Osmanlı Cihan Devletinin son demleriyle, henüz yeni doğmuş olan Türkiye Cumhuriyeti Devletinin ilk yıllarında yaşamış olan Hilmi Ziya Ülken, 1901-1974 yılları arasında birçok badirelerin yaşandığı olaylara şahit olmuş önemli bir felsefecidir. Sadece felsefeci demek de Hilmi Ziya’yı tanımlamakta elbette eksik kalacaktır. Felsefe, sosyoloji, eğitim, psikoloji, ahlak gibi birçok alanda çok kıymetli eserler bırakmış bir mütefekkirdir. Eğitim alanında verdiği eserlerinin yanında edebiyat, roman, müzik, resim gibi birçok sosyal ve kültürel alanda uğraş vermiş renkli bir kişiliktir. Hilmi Ziya Ülken’in yaşadığı dönemin koşullarını göz önüne aldığımızda, felsefeden eğitime, ahlaktan sosyolojiye kadar geniş bir yelpazede iz bırakmış olması, onun Türk eğitim tarihi açısından ne denli değerli olduğunu anlamamıza yardımcı olmaktadır.

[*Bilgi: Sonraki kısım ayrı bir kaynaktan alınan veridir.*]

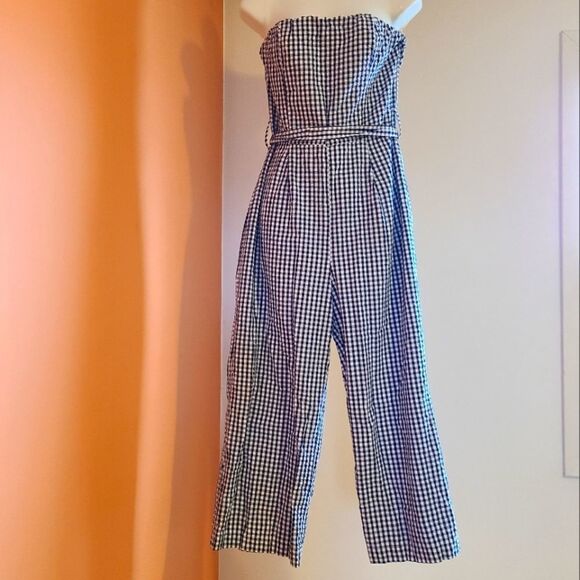 Kenar Blue & White Gingham Wide Leg Capri Jumpsuit M - Picture 2 of 11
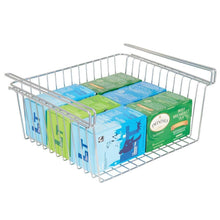 Explore mdesign household metal under shelf hanging storage organizer bin basket for organizing kitchen pantry cabinets cupboards shelves multipurpose vintage modern farmhouse grid style large chrome
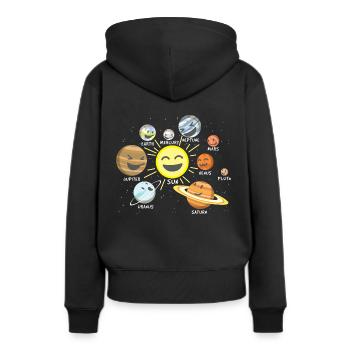 Sonnensystem - Frauen Premium Bio Hoodie - Schwarz - Hinten - Julia (174cm)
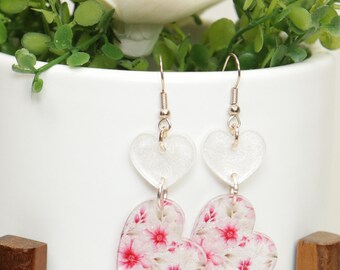 Heart-Shaped Floral Glitter Dangle Earrings - Rose Gold Hypoallergenic Hooks - Handmade Statement Jewelry for Valentines Day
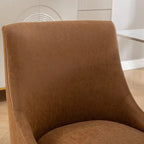 SEYNAR Modern Glam PU Leather Dining Chair or Vanity Chair Set of 4 with Rear Handle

Hilmi Ziya Ülken’in, ortaya koyduğu birçok eserinde, sadece teorik bilgilerin aktarılması değil, naklettiği bilgilerin sentezlenmesi, süzgeçten geçirilip kendine has felsefesini oluşturduğunu rahatlıkla söyleyebiliriz. Ülken’in Ahlâk kavramı hakkında düşünceleri de bu anlamda kabul edebilecek örneklerden biridir. O, Ahlak kavramını, birçok bilim dalındaki geçmiş tarihini ortaya koyup, eleştirilerini yaptıktan sonra, bu kavram hakkındaki kendi felsefi sistemini oluşturmaktadır.

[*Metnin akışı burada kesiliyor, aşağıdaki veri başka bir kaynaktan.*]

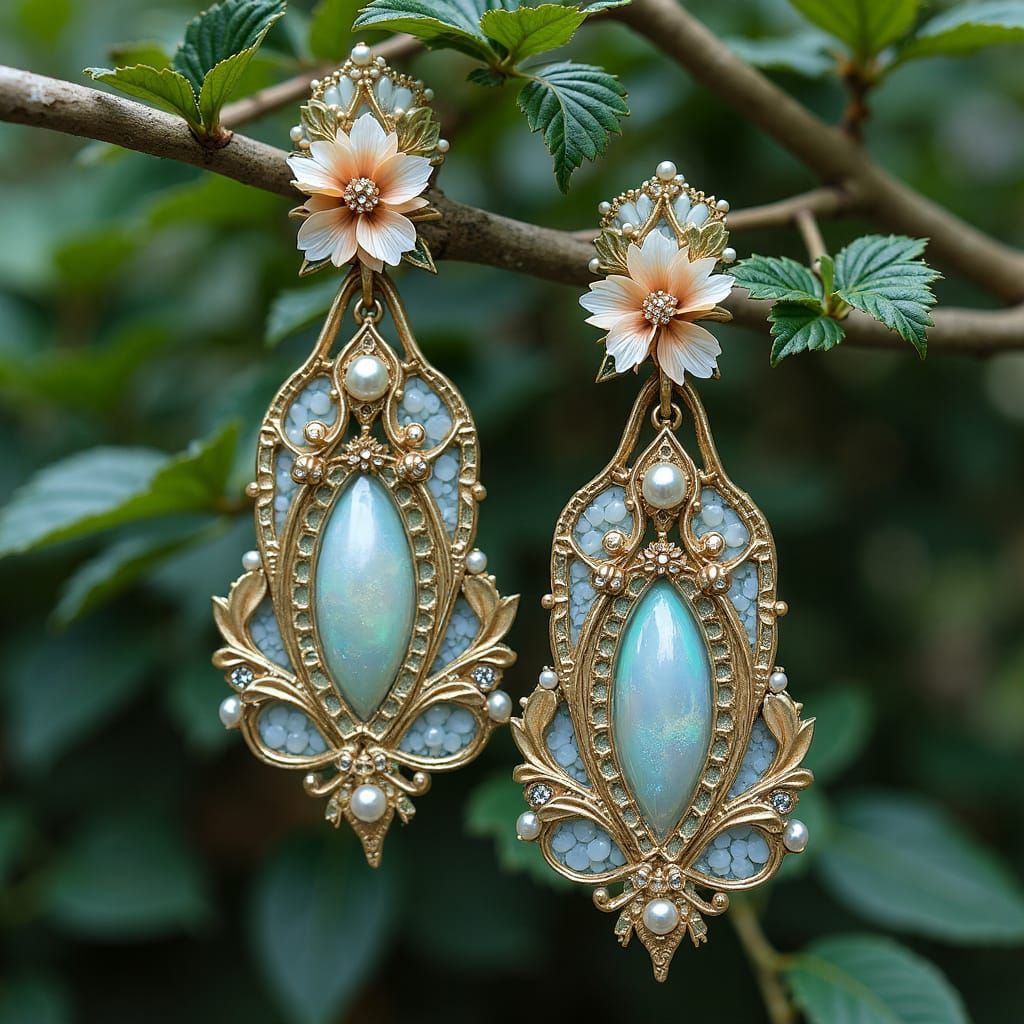 Ethereal Art Nouveau Earrings in Vibrant Colors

Hilmi Ziya Ülken’in sisteminde gerçek bir ahlak, aşkla yoğrulmuş bir ülküdür. Ahlakı pratikte yaşayan bir kişi, bu ülküyü içselleştirmiş, maddi ihtiraslar ve zevklerden uzak, hiçbir etkenin tesirinden kalmadan, ne pahasına olursa olsun, cesurca açıklık tutkusuyla gerçek ahlak âlemine adım atabilendir. Bu çalışmada, Ülken’in Ahlak kavramı hakkındaki düşüncelerini, kendinden önceki anlayışlara olan eleştirilerini de katarak kısaca ele almış olacağız.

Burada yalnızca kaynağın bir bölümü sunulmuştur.